La mission « Travail et emploi » du projet de loi de finances pour 2020 recouvre en particulier la question de la qualité de l'emploi et celle des personnels de Pôle emploi.
Au grand dam de ses agents extrêmement dévoués et souvent débordés, Pôle emploi est désormais davantage le lieu où l'on contrôle que la recherche des demandeurs d'emploi est vraiment frénétique que l'endroit où l'on peut véritablement vous fournir un emploi.
Madame la ministre, j'ai eu l'occasion de vous interpeller, lors de questions au Gouvernement, en vous rappelant que, loin du mythe du chômage volontaire, le chômage est d'abord une souffrance, et qu'il tue jusqu'à 14 000 personnes tous les ans. Vous nous trouverez toujours du bon côté lorsqu'il est possible de se satisfaire d'une baisse du chômage. Néanmoins, nous devons systématiquement interroger la réalité de cette baisse : la situation sociale est-elle modifiée, ou avons-nous simplement affaire à des effets statistiques ? En effet, il suffit de signer un contrat court pour quelques semaines ou quelques mois, de faire un stage ou de suivre une formation pour sortir des statistiques du chômage.
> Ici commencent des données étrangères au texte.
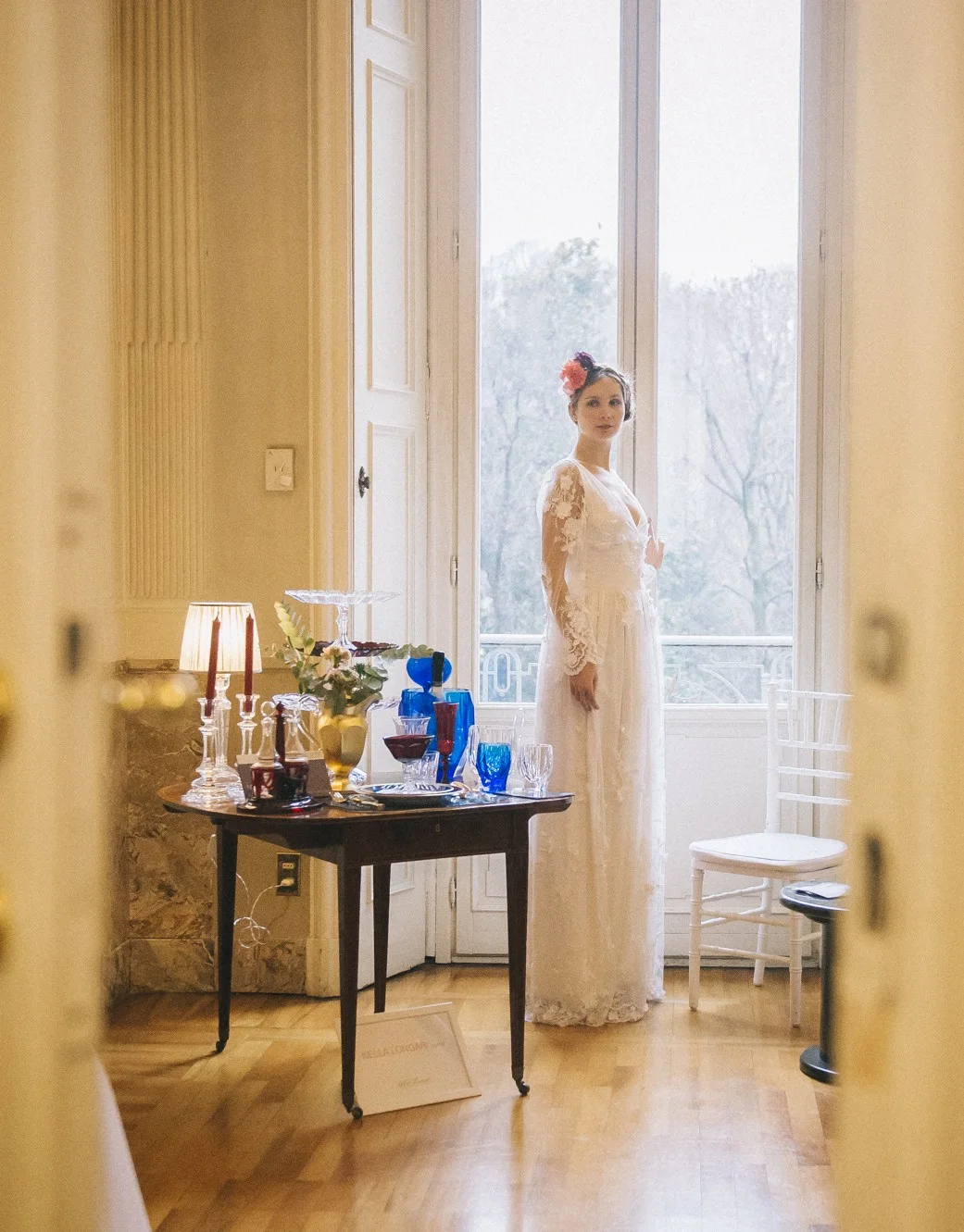Bride beside an open window in a decorated room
On n'a jamais autant embauché que ces dernières années, c'est vrai, mais il faut traduire le terme « embauche ». En fait, on n'a jamais signé autant de contrats que ces dernières années, pour la simple et bonne raison que le travail s'est précarisé à l'extrême. Comme vous l'avez dit vous-mêmes, 87 % des embauches sont des contrats courts – 70 % de moins d'un mois, et 30 % de moins d'un jour !
Les chiffres en attestent donc : le CDI, qui devait être la règle de droit commun, est devenu l'exception.
Vous instaurez un système de bonus-malus en espérant que cela aura un effet s'agissant du recours des entreprises aux contrats courts. Puisque la majorité semble aimer les quotas, nous vous proposons d'instaurer des quotas modulables selon la taille de l'entreprise afin de nous doter d'un instrument législatif qui nous permettrait de reconnaître la nécessité, pour les entreprises, de recourir à des contrats courts en période de surcroît d'activité, tout en réduisant ceux-ci à la portion congrue.
La financiarisation de l'économie a provoqué la montée du chômage et des inégalités. La réforme de l'assurance chômage est d'une extrême dureté car elle va rendre très difficile l'accès à l'indemnité pour un grand nombre de chômeurs et diminuer le montant des indemnisations auxquelles beaucoup auraient pu prétendre.
Le Gouvernement justifie cette réforme par le contexte actuel. Vous affirmez, madame la ministre, que « l'emploi repart ». Vous parlez beaucoup des emplois non pourvus. Si l'on y regarde de plus près, on constate en effet que de nombreux secteurs ont des difficultés pour embaucher. Toutefois, si tous les emplois non pourvus étaient confiés à des chômeurs, aurions-nous pour autant réglé le problème du chômage dans notre pays ? Assurément non – plusieurs enquêtes le confirment.
En 2017, l'enquête « Besoins en main-d'oeuvre » de Pôle emploi établissait que seulement 8 % des établissements ayant tenté de recruter n'y étaient pas parvenus – peut-être est-ce déjà trop, mais c'est en tout cas loin d'être la majorité – , soit que les candidats n'aient pas été retenus, soit que les besoins aient disparu, soit, il convient de le signaler aussi, que les conditions de travail proposées étaient particulièrement difficiles. Seulement 16 % des offres retirées l'ont été faute de candidats. Rapporté aux 300 000 offres d'emploi non pourvues – c'est le chiffre que vous avancez – , cela correspond à 48 000 échecs réellement imputables à l'absence de candidats. La même année, 25 millions d'offres d'emploi ont été pourvues, dont 17 millions concernant des CDD de moins d'un mois. En réalité, compte tenu du stock d'emplois non pourvus et du nombre de chômeurs disponibles, il y a 1 offre d'emploi pour 100 personnes disponibles.
Il reste donc encore beaucoup de travail à accomplir. Et si l'on veut vraiment faire reculer le chômage, la clé, ce n'est pas uniquement le développement de la formation dans les secteurs en tension, c'est aussi et surtout la création d'activités pérennes. Le manque d'activités pérennes, c'est ce dont souffre notre pays aujourd'hui.
Pour y remédier, il faut prendre des mesures. Il faut aller vers le partage du temps de travail. Si l'on produit davantage aujourd'hui qu'auparavant, la question de la durée du travail doit de nouveau se poser. La dernière fois qu'il y a eu création nette d'emplois en France, c'est lorsque le temps de travail a été diminué.